Warning. This post contains dialogue spoken by my family members. To put it another way it contains lots of swearing.
Yesterday my family came together to say goodbye to my Auntie Mary, wife to my Uncle Bill and mother to my cousins Bill junior and Linda who died last week aged 77. She had been very poorly for a long time and when she died they say she looked thirty years younger. This is a comfort.
I struggle to describe my Uncle Bill. He is my only blood uncle and I love him dearly, but the words obnoxious, cantankerous, offensive and others in like vein spring instantly to mind when trying to provide a pen portrait of him. Johnny Speight must have encountered him some time in the early 60’s. I well remember various horrific moments in my past when I have had to introduce assorted boyfriends to my Uncle Bill - always accompanied by whispered pleas from me not to take any notice of a single word he said.
Uncle Bill was firmly of the opinion a woman’s place was in the home, except in the case of the only other woman he ever loved – Margaret Thatcher. He was always the archetypal Working Class Tory although I suspect he only became a Tory to annoy his dad (my granddad) – a life long Socialist. He never allowed Mary out of his sight. Not once since they married has she ever had a night out without him. We discovered at the funeral yesterday to our collective horror that Mary had met Bill when she was 14. SIXTY THREE YEARS WITH MY UNCLE BILL. Never have the words ‘After much suffering’ been so appropriate in an obituary.
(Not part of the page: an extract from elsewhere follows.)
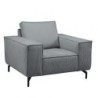 Fauteuil en velours côtelé gris PUEBLO Casita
Coming now to Bill junior (aged 50). At some point in the past fifteen years he went mad. He returned to live with his parents (evidence of madness if any was needed) and that was when battle really commenced. To all outward appearances, he and his dad loath each other and always have done. They were, and indeed still are, unable to agree on a single thing. Either would swear black was white if the other took the opposite view. Poor, poor Mary, a door mat if ever there was one, put up with this state of affairs till the day she died. Her daughter Linda – so incensed by the way her brother made her mother’s life even more of a misery - stopped speaking to him over ten years ago. Bill junior in his madness then became a recluse. He was last spotted in public at our previous family funeral five years ago.
Speculation was quite fevered in the family following Mary’s merciful release from this misery. Would Bill junior be at the funeral? (Answer: Yes) Would Bill and Linda be reconciled? (Answer: No) And would Bill senior behave with any decorum at the funeral? (Answer: No, no and no again.)
The service itself, conducted by a priest who did his best considering that he had never met Mary in his life, passed by without incident; or at least they did once the seating arrangements in the front row were sorted out to allow sufficient space between Bill junior and Linda. (Although that did cause some noticeable delay.)
Little digression here but I was reminded of the book I have just read; ‘Behind the Scenes at the Museum’ by Kate Atkinson which makes one think of the many things we do not know about the lives and emotions of our older relations. Yesterday I discovered Mary loved opera. One would never have imagined that Mary loved opera but she did. Quite poignant somehow.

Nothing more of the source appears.